In addition to its cyclical aspect to buttress the economy, the plan will also play a structural role by supporting the ecological and digital transitions, by being part of the government’s reform agenda to bolster competitiveness, economic appeal and productivity, and by aiming at strengthening France’s industrial leadership and resilience. To this end, the recovery plan is structured around three pillars:


 30 billion euros will be earmarked to speed up the greening of the economy, for investments in energy performance renovations for buildings, in “green” infrastructure and mobility, to reduce the carbon-intensity of manufacturing processes, and in the development of new green technologies (hydrogen, biofuels, recycling)


 34 billion euros will be allocated for boosting France’s competitiveness and economic resilience, including substantial cuts in production taxes, support for equity capital funding for businesses, investment in industrial innovation, support for exports and bolstering French industrial resilience and independence through measures to secure critical stocks and support for productive investment in France


 36 billion euros will go towards supporting skills and social and territorial cohesion. Investing in skills safeguards employment (prolonged short-time working scheme), helps vulnerable groups, especially young people, become more employable through apprenticeship, vocational training and recruitment incentives, and boosts productivity (investment in skills needed in the future). Moreover, the recovery plan must strengthen both social cohesion (support for the purchasing power of the poorest households) and territorial cohesion (digital inclusion, recovery plan of the Banque des

Territoires, and revitalising shops in urban centres).
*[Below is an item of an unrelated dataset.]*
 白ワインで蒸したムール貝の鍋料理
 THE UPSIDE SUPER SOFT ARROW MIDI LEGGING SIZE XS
Going forward, the government will direct its full efforts to implementing this recovery plan for the benefit of its citizens everywhere in France. To this end, it will apply the following principles:


 Continued consultation with all stakeholders: a Recovery Monitoring Council, chaired by the Prime Minister together with the ministers concerned, the social partners, MPs, associations of elected representatives and representatives from civil society will monitor the recovery plan’s implementation.


 To derive the maximum economic benefit starting in 2021, we will prioritise speed of implementation: the recovery plan will encourage temporary solutions that have a swift effect on the economy and that can be deployed effectively at regional level.
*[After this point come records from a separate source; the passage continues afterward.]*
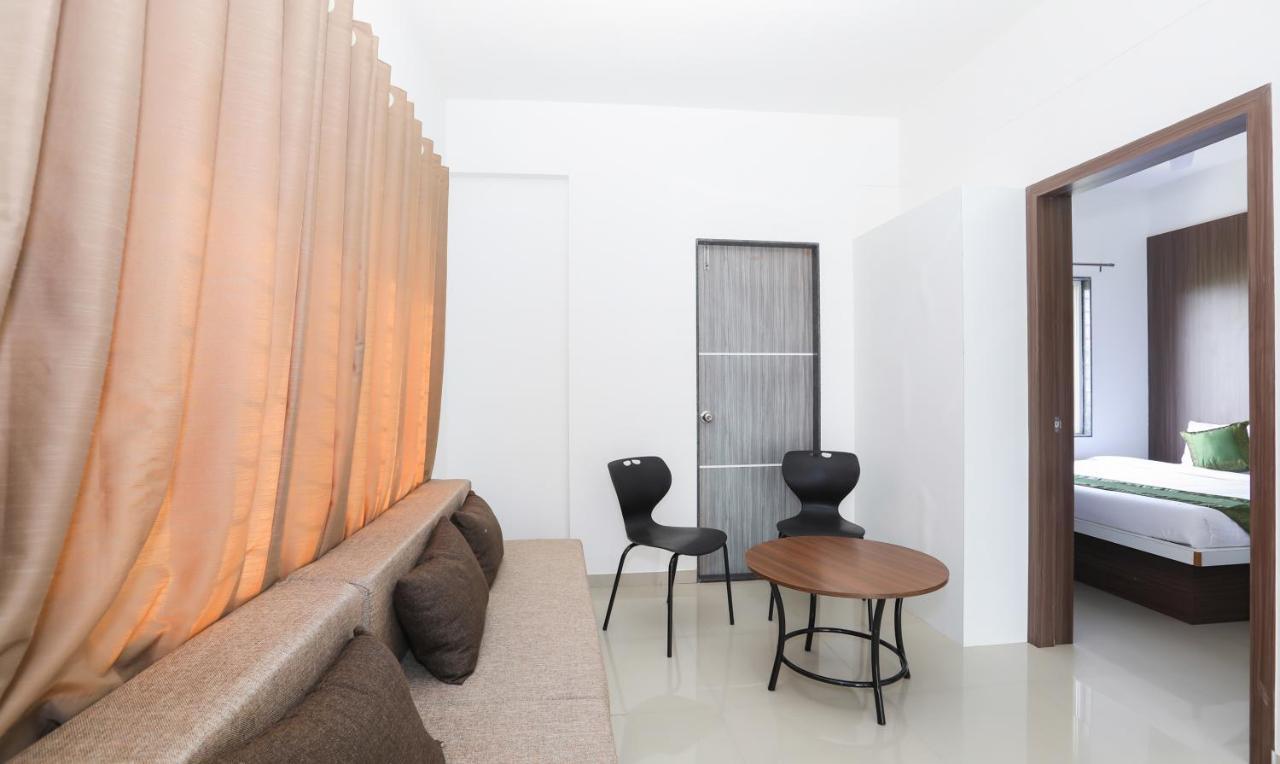 Treebo Sapphire Studio Nashik Exteriör bild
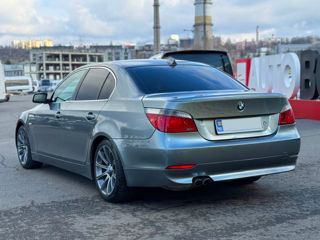 BMW 5 Series foto 9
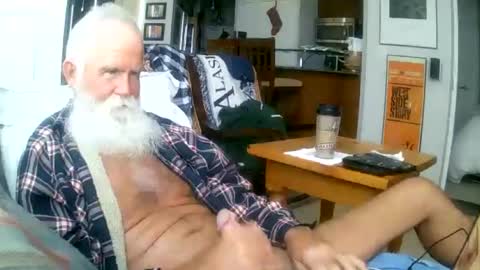 beardbushy online show from August 1, 3:51 pm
Redeployments between the various measures may be carried out on a regular basis to promote agile management of the recovery to favour the most effective measures.


Regulatory and legislative streamlining efforts will accompany the recovery plan to ensure rapid implementation.
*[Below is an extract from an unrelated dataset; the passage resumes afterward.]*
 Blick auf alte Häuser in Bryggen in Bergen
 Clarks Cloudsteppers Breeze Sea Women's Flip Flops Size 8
 Regional deployment of measures, for a recovery that remains in sync with France’s regions, is a government priority. This will be achieved by attentively selecting local projects, devolving credit to regional prefects for certain measures, signing agreements with local authorities and setting up regional monitoring committees with the president and prefect of each region, and the regional public finances director.


 The recovery will support the ongoing government transformation for more effective policies at the service of the French people. The government will pursue its reform agenda with determination to further strengthen the French economy and prepare it for the challenges that lie ahead.